▶ _The problem_:
Return the lines below that contain "Book".

● ● ● ●

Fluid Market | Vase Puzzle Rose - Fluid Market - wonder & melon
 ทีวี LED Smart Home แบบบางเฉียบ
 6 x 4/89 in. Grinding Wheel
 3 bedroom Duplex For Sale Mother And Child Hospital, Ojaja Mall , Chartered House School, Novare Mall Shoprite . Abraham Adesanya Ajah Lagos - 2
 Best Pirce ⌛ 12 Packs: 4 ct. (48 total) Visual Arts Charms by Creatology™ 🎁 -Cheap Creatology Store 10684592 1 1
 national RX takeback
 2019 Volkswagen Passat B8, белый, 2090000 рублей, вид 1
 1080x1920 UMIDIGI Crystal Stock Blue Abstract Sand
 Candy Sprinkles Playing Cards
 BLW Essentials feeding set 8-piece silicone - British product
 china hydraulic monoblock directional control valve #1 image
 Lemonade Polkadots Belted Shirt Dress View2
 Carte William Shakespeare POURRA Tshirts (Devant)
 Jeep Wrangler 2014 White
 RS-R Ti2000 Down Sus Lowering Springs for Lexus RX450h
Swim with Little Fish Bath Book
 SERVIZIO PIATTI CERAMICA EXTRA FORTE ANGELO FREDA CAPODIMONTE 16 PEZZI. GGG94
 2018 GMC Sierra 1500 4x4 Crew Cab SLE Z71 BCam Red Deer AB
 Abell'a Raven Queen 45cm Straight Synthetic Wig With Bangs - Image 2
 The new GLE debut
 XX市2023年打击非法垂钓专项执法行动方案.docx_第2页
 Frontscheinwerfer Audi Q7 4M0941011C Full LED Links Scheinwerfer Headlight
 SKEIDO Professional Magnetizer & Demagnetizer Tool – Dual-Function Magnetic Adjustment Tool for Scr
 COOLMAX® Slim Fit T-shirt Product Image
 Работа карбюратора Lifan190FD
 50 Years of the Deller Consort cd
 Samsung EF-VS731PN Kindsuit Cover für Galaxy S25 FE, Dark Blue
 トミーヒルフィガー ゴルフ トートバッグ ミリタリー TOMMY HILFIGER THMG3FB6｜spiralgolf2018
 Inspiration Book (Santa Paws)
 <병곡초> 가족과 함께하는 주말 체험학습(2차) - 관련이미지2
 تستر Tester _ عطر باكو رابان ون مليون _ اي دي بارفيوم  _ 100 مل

● ● ● ●

▶ _Problem solution_:
Swim with Little Fish Bath Book
 Inspiration Book (Santa Paws)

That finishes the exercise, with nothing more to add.